Data supplied ::
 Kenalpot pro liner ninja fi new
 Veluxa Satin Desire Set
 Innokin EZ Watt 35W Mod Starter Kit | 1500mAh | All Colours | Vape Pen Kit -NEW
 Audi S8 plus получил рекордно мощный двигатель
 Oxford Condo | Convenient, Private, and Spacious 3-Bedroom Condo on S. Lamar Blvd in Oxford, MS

...

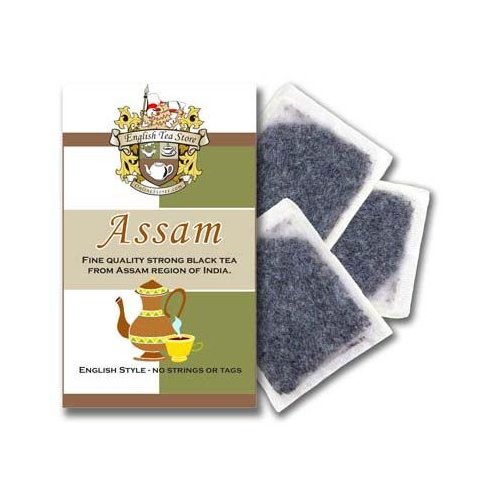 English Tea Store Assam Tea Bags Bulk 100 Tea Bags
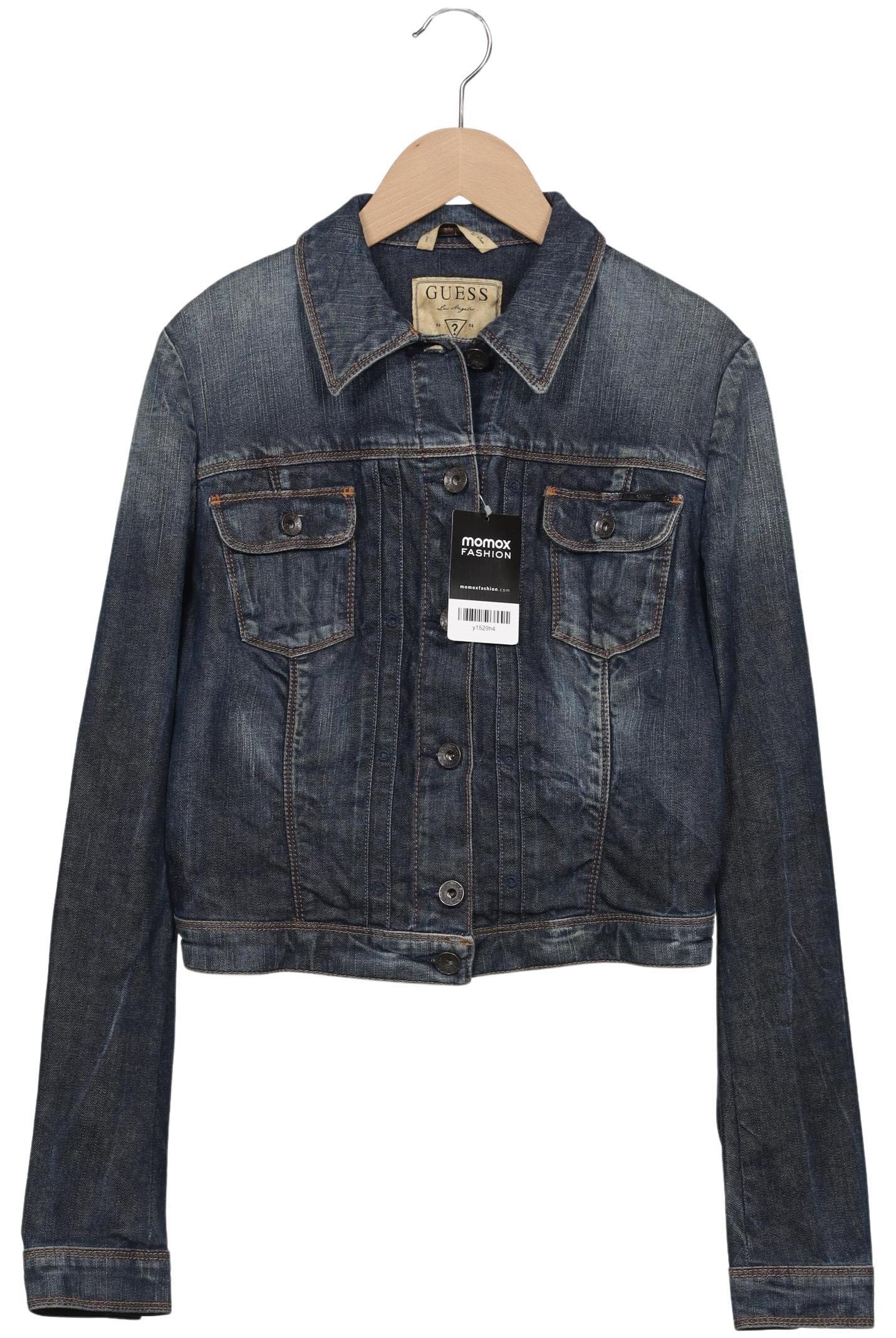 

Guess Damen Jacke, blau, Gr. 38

--

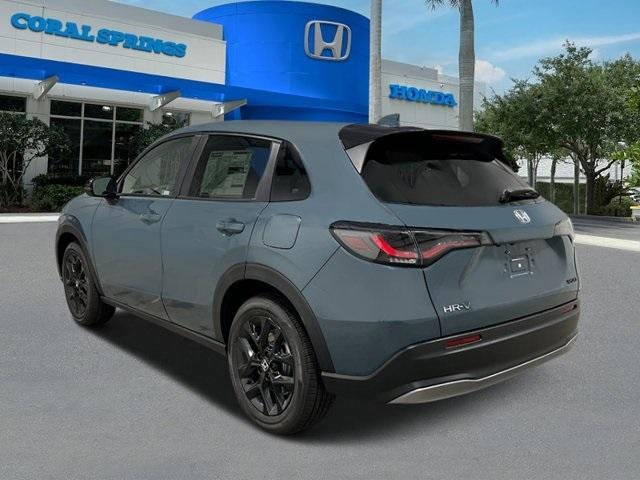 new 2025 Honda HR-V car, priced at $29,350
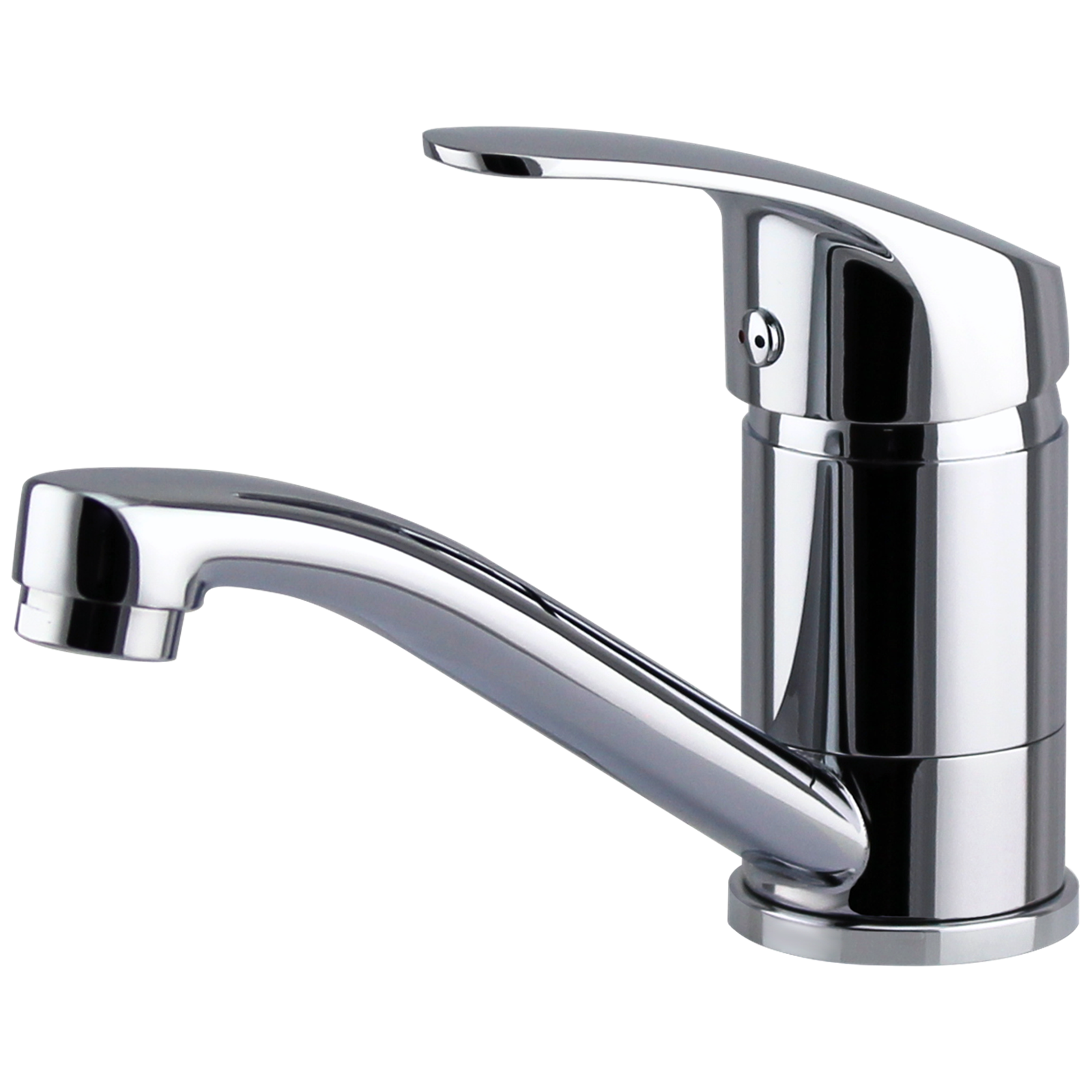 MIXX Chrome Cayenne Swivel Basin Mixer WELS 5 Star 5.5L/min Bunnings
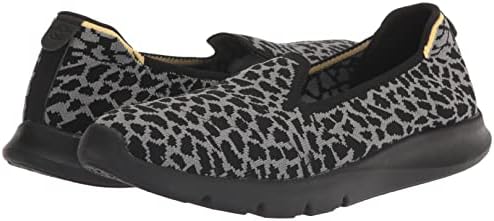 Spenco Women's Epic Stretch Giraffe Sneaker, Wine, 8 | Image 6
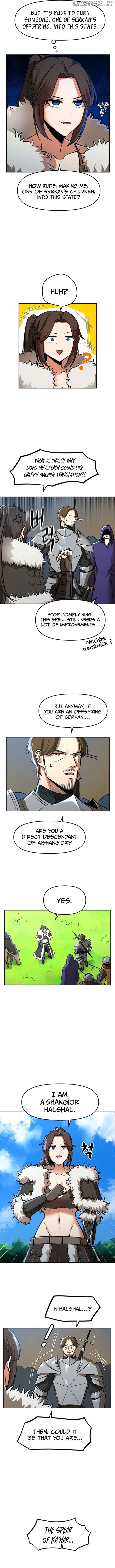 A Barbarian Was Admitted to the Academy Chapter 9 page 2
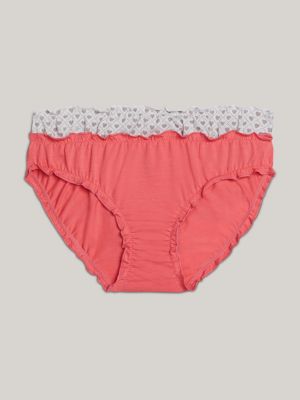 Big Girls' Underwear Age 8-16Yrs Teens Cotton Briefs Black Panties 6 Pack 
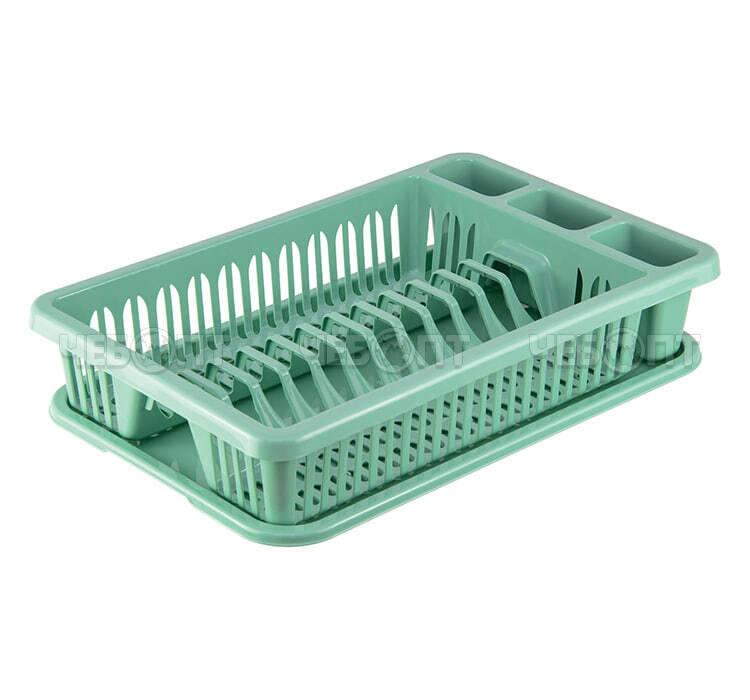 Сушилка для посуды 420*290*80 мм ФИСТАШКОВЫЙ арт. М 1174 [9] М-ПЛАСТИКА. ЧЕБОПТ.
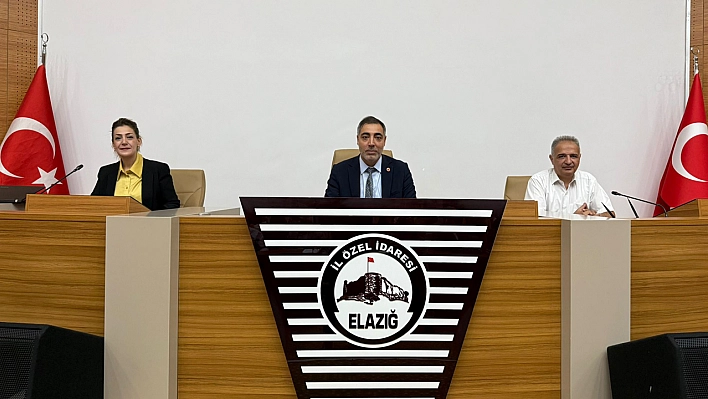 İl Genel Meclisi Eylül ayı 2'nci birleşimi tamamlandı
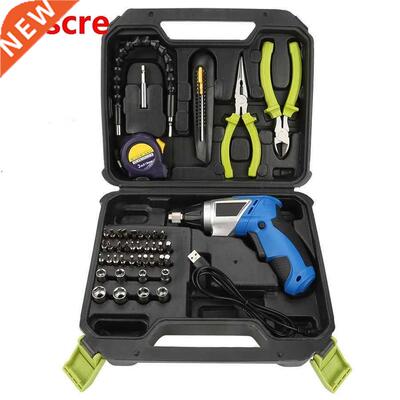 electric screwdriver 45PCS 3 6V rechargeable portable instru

Work required ::
Starting with the line that has "MIXX Chrome Cayenne" and going on through the line that has "electric screwdriver 45PCS", transcribe the records above exactly, but skip the pictures.

Answer space ::
 MIXX Chrome Cayenne Swivel Basin Mixer WELS 5 Star 5.5L/min Bunnings
 Spenco Women's Epic Stretch Giraffe Sneaker, Wine, 8 | Image 6
 A Barbarian Was Admitted to the Academy Chapter 9 page 2
 Big Girls' Underwear Age 8-16Yrs Teens Cotton Briefs Black Panties 6 Pack 
 Сушилка для посуды 420*290*80 мм ФИСТАШКОВЫЙ арт. М 1174 [9] М-ПЛАСТИКА. ЧЕБОПТ.
 İl Genel Meclisi Eylül ayı 2'nci birleşimi tamamlandı
 electric screwdriver 45PCS 3 6V rechargeable portable instru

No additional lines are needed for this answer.